Je lus sur Meech, sur OKA et sur le referendum de 1995. Je voulais
comprendre. Mais la mort possible de l'identité d'un peuple ne se comprend
pas. Elle se vit simplement et pleinement. J'ai décidé alors de ne plus
être spectateur et de ne plus être témoin car je refuse cette réalité
pancanadienne. Je redeviens un acteur sur la scène de mon patrimoine.
Finalement, je crois que tous les Québécois ont besoin de prendre le temps
de réfléchir au passé et au futur de leur culture. J'aimerais partager ma
propre réflexion que voici:
VIENS FAIRE UNE RÉFLEXION POUR LE FLEURDELISÉE

Le fleurdelisée pend, faible au bout de son mât.

À ses pieds, incertain, le peuple Québécois défile,

Routes pour routes, rues sur rues, villes par villes

Ils dessinent un patrimoine: A-t-il sa place au Canada?
L'indépendance provient d'une expression d'une identité;

Le statut d'un peuple est une réflexion de cette identité.

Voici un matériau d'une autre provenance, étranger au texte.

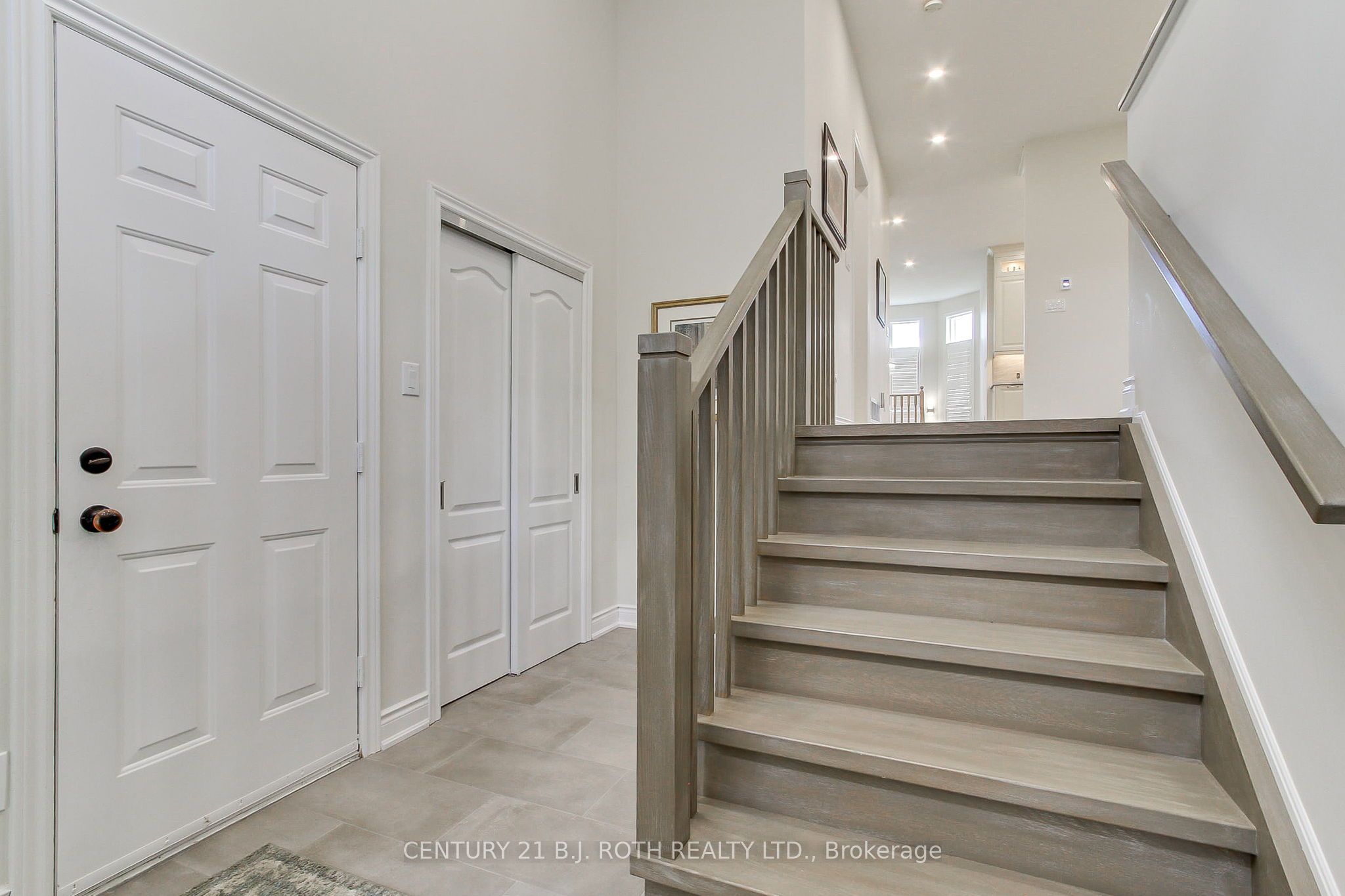 28 Poplar Drive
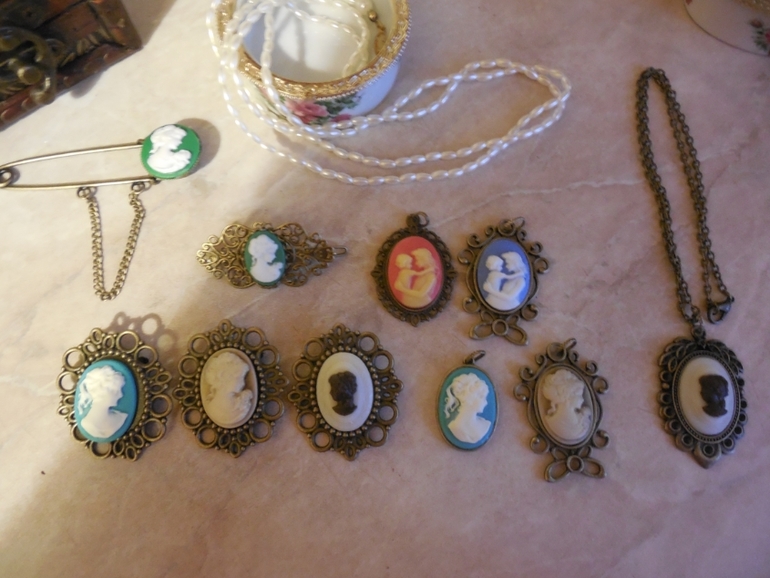 Броши и подвески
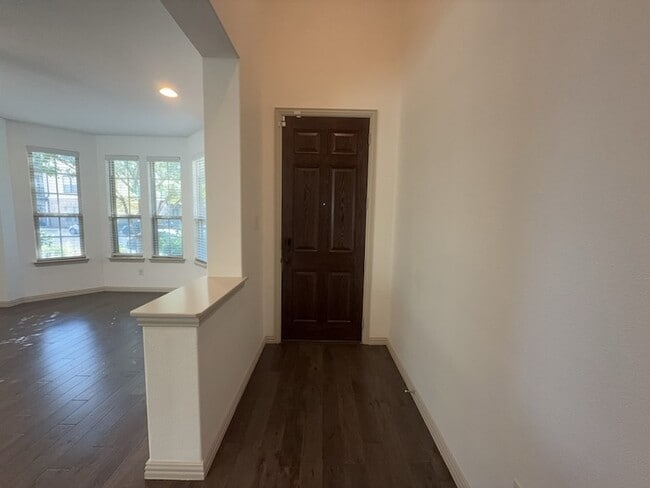 Building Photo - 4027 Snow Goose Trl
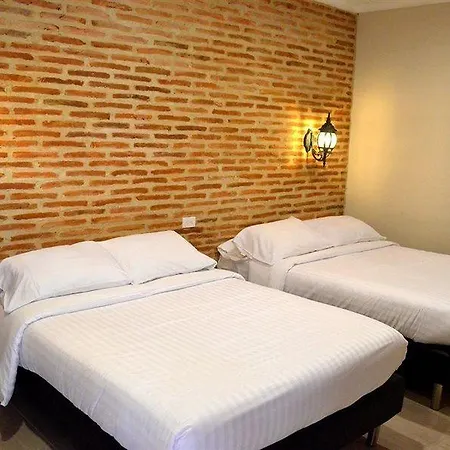 Hotel Galeria La Trinidad 3*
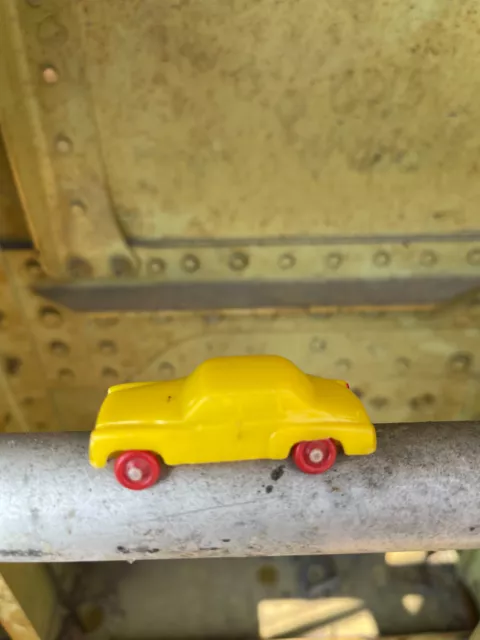 Wiking? Kinderspielzeug? alt! gelbes Auto Plastik unverglast  H0 ohne OVP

La première s'offre par plusieurs choix et d'une décision;

La deuxième: une raison d'être dévoilant une question,

Une réponse, une attente, le commandement d'une destinée.

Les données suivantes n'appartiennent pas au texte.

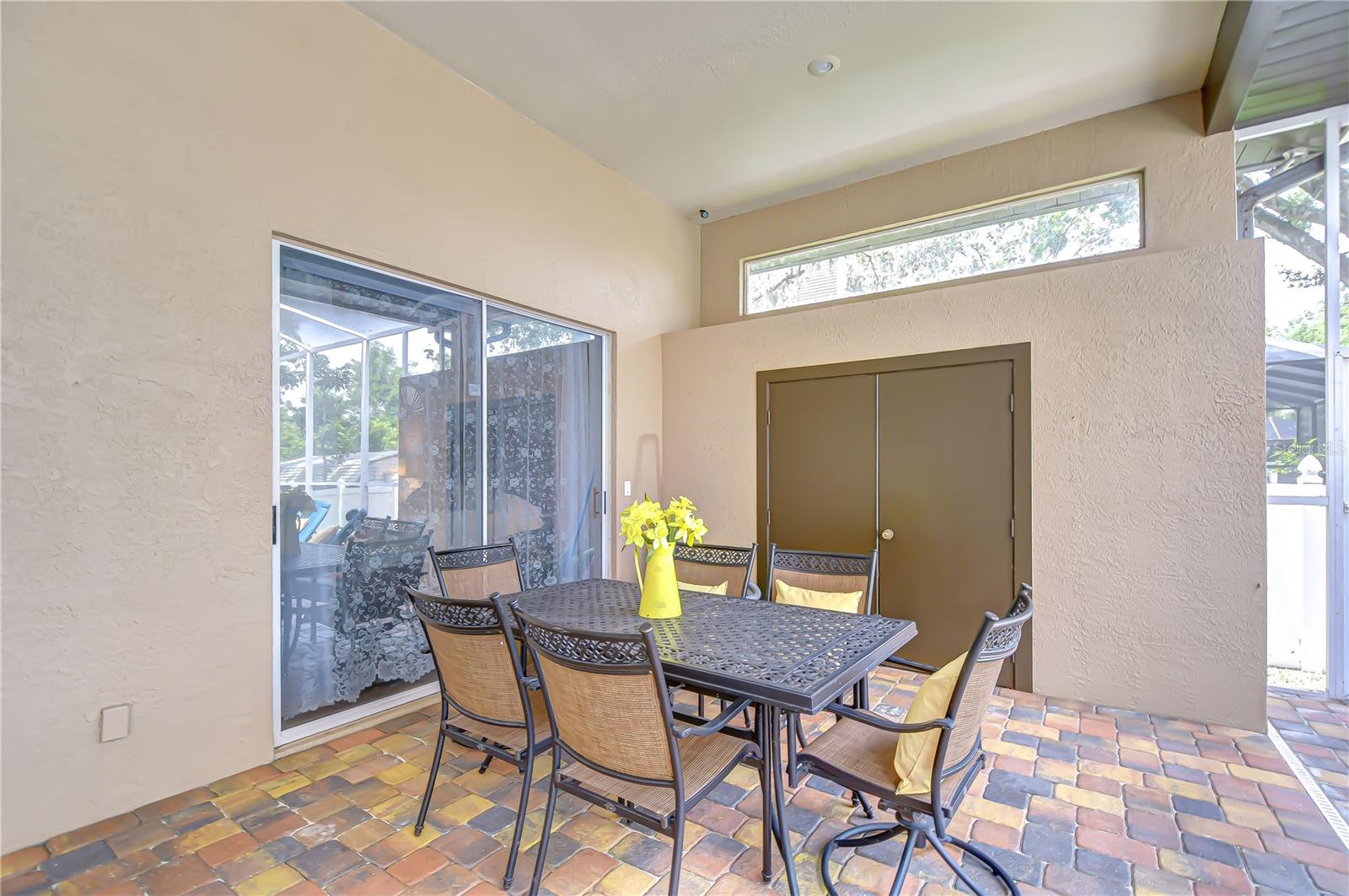Plenty of space for dining!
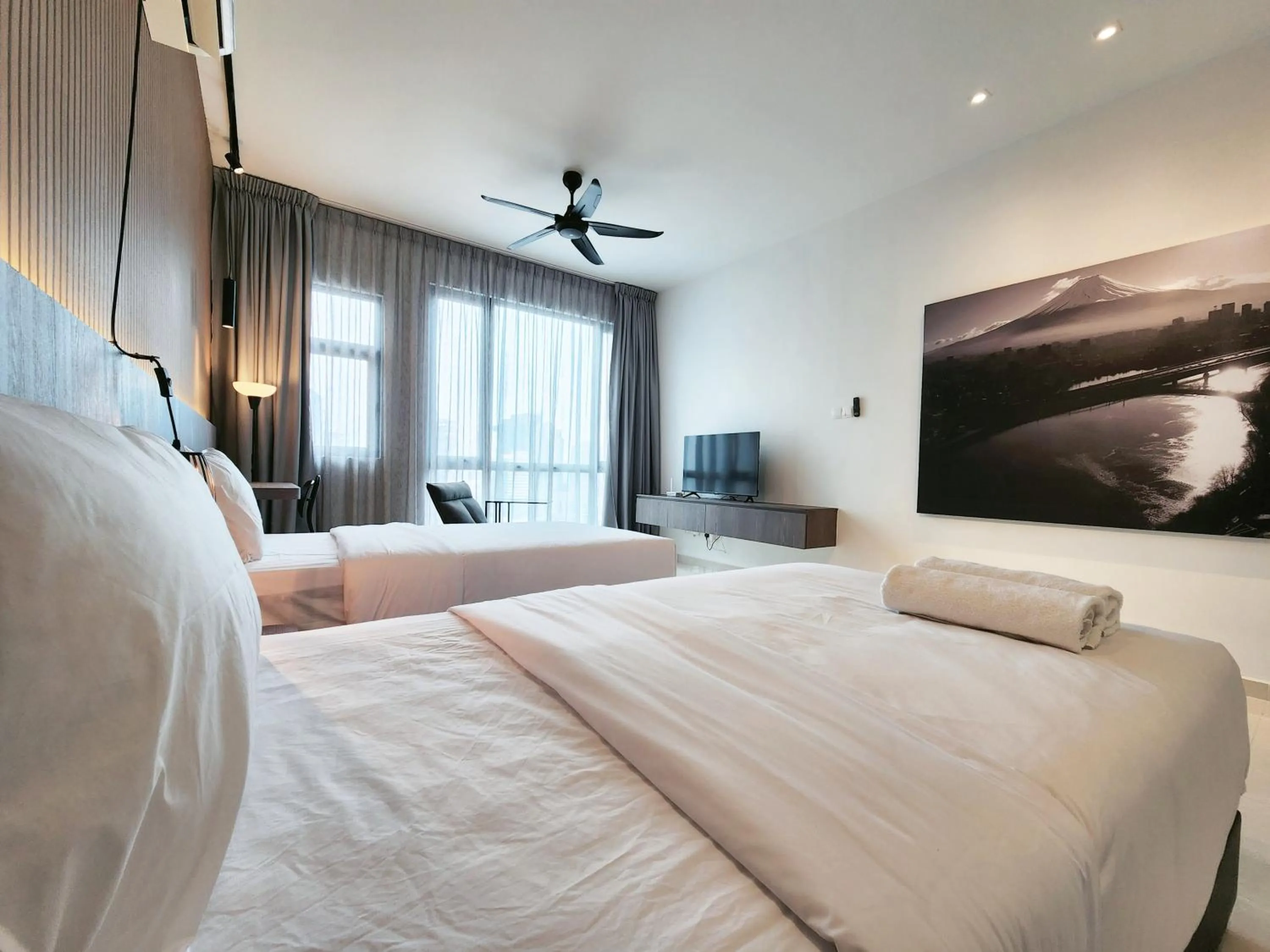 Bed in SKS Pavillion Suites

Réponse volée, destinée envolée, nous reste-t-il un choix - une décision?
Le fleurdelisée pend, mou au bout de son pôle.

Aux Québécois, il demande un nouveau souffle;

Aux Nationalistes, il commande l'indépendance d'un soupir;

Aux Canadiens, il suscite l'égalité d'un petit sourire.
Nous t'avons vendu pour une plasma, 43 pouces, tv;

Nous t'avons oublié pour une pension de vieillesse;

Nous avons cru le fédéral et ses promesses.

C'est l'temps de faire une réflexion pour le fleurdelisée.

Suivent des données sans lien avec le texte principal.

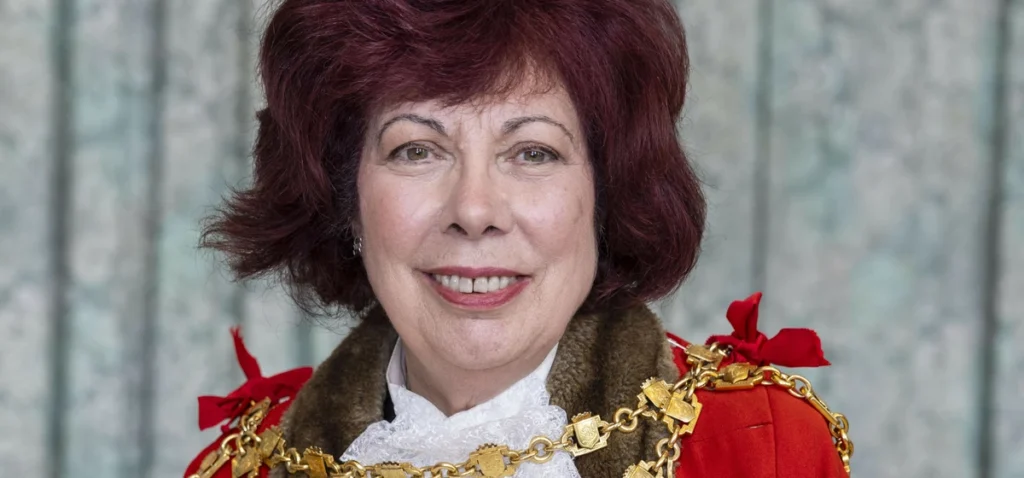 City welcomes 393rd Mayor of Newport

De prendre ou de déposer ce drapeau né le 20 janvier.

De faire son choix: C'est la moisson des idées.

Viens Québécois, viens faire le deuil de ton passé,

Un jour, à l'Hôtel du parlement, aux mairies et,

Aux parcs de toutes tes villes et tes cités.

Viens et amène l'essence de ton patrimoine

Sous deux formes, deux images ou deux icônes

Viens les porter au pied du fleurdelisée.
Prend un moment, une réflexion d'un temps,

Le temps d'une réflexion, prend une décision:
Deviens Pancanadien;

Speak White; Tue un langage - une société;

Au nom d'une Charte, ta liberté,

Et laisse les deux formes, deux images ou deux icônes

Derrière toi pour un futur qu'on te pardonne.

Tourne le dos, marche et éloigne-toi de ce carillon,

Mais n'oublie pas ton écu d'or car il faudra payer

Tous ces rois nègres et leurs barons.
Ou
Redeviens Québécois;

Parle français; Sauve un langage - une société;

Au nom des patriotes, ta responsabilité.

Et reprends une des formes, une image ou une icône,

Lève ton drapeau, reprends ta fierté et tes idées

Mais laisse une forme, une image, une icône

Derrière toi, ton deuil et non un signe de soumission

Mais pour redire et redéfinir cette idée de ta nation.